La notizia, non smentita, è passata in sordina: il ministero degli Esteri israeliano ha denunciato che Romi Gonen, Emily Damari e Doron Steinbrecher, le tre donne rilasciate l’altro giorno da Hamas, erano tenute prigioniere in un’edificio dell’Unrwa ovvero l’agenzia delle Nazioni Unite per il sussidio dei rifugiati civili palestinesi in Medio Oriente.
Per la serie, niente di nuovo sotto il sole. L’Onu, da dopo il terribile attacco di Hamas del 7 ottobre di due anni fa, aveva già palesato il suo approccio benevolo nei confronti dei terroristi. E ovviamente aveva duramente attaccato Israele.
Lo stesso capo dell’Unrwa, lo svizzero Philippe Lazzarini, ha dichiarato che “attaccare, prendere di mira o utilizzare edifici delle Nazioni Unite per scopi militari è una palese violazione del diritto internazionale umanitario”. Ovviamente riferendosi agli attacchi difensivi portati avanti da Israele. Però nulla viene detto sul fatto che gli stessi edifici fungono da covi dei terroristi. Esattamente come nulla fu detto nel 2014, quando fu trovata una scuola piena di razzi pronti ad essere lanciati sui civili israeliani. O come, sempre dopo il 7 ottobre 2023, fu trovata la rete di gallerie e bunker sotterranei proprio sotto l’ospedale di Gaza.
Ma se l’Organizzazione delle Nazioni Unite − che dovrebbero mantenere la pace e la sicurezza internazionale, sviluppare relazioni amichevoli tra le Nazioni, promuovere migliori condizioni di vita, il progresso sociale e la tutela dei diritti umani − continua a fare distingui applicando due pesi e due misure, allora viene meno al suo ruolo primario. Non solo non promuove la pace, ma diventa complice di azioni terroristiche.
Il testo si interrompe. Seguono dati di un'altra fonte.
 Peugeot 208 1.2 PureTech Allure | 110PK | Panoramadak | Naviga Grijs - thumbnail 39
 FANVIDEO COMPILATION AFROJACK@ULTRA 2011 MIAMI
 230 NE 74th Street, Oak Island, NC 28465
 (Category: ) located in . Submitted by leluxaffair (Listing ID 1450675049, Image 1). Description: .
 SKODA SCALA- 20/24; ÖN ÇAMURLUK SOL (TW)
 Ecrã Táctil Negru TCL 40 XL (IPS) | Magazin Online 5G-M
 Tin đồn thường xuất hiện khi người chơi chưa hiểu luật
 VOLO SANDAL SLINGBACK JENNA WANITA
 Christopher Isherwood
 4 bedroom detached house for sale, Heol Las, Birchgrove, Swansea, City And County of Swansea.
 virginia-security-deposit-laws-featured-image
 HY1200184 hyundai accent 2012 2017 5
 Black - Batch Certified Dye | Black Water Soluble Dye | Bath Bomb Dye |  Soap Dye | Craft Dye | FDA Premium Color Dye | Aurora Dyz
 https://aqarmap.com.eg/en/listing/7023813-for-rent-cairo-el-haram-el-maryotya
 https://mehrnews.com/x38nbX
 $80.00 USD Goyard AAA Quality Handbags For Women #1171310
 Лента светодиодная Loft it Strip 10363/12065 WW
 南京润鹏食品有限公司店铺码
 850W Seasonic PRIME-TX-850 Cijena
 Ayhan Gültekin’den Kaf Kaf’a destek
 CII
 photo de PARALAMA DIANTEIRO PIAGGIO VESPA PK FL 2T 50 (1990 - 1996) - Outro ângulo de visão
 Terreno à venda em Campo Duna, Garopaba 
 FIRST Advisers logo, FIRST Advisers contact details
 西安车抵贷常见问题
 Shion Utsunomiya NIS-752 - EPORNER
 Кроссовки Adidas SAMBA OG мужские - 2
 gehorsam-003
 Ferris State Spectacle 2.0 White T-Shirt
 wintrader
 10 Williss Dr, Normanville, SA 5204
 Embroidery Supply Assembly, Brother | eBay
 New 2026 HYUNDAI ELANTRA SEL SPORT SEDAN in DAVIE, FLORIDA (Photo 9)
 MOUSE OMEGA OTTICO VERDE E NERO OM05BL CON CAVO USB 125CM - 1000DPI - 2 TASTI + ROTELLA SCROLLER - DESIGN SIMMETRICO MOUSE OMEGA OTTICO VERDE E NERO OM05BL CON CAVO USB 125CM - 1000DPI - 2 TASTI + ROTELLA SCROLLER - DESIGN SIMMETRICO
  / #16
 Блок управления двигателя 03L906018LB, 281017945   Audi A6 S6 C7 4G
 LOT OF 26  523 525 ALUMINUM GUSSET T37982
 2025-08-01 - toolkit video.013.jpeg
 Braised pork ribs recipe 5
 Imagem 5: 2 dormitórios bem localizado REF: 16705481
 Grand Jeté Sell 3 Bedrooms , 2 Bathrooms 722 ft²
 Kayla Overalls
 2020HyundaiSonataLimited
D’altra parte, è la stessa organizzazione che proprio questa settimana ha scelto Ali Bahraini, ambasciatore dell’Iran e già rappresentante permanente presso l’Ufficio delle Nazioni Unite e le organizzazioni internazionali a Ginevra, come leader per guidare il gruppo chiave dell’Unhrc: Bahraini sarà infatti responsabile del coordinamento e della direzione delle attività durante le sessioni del Consiglio per i diritti umani e della gestione delle questioni relative all’Ufficio dell’Alto Commissario per i diritti umani.
Perché si sa, l’Iran è da sempre in prima fila nella battaglia per la promozione dei diritti umani.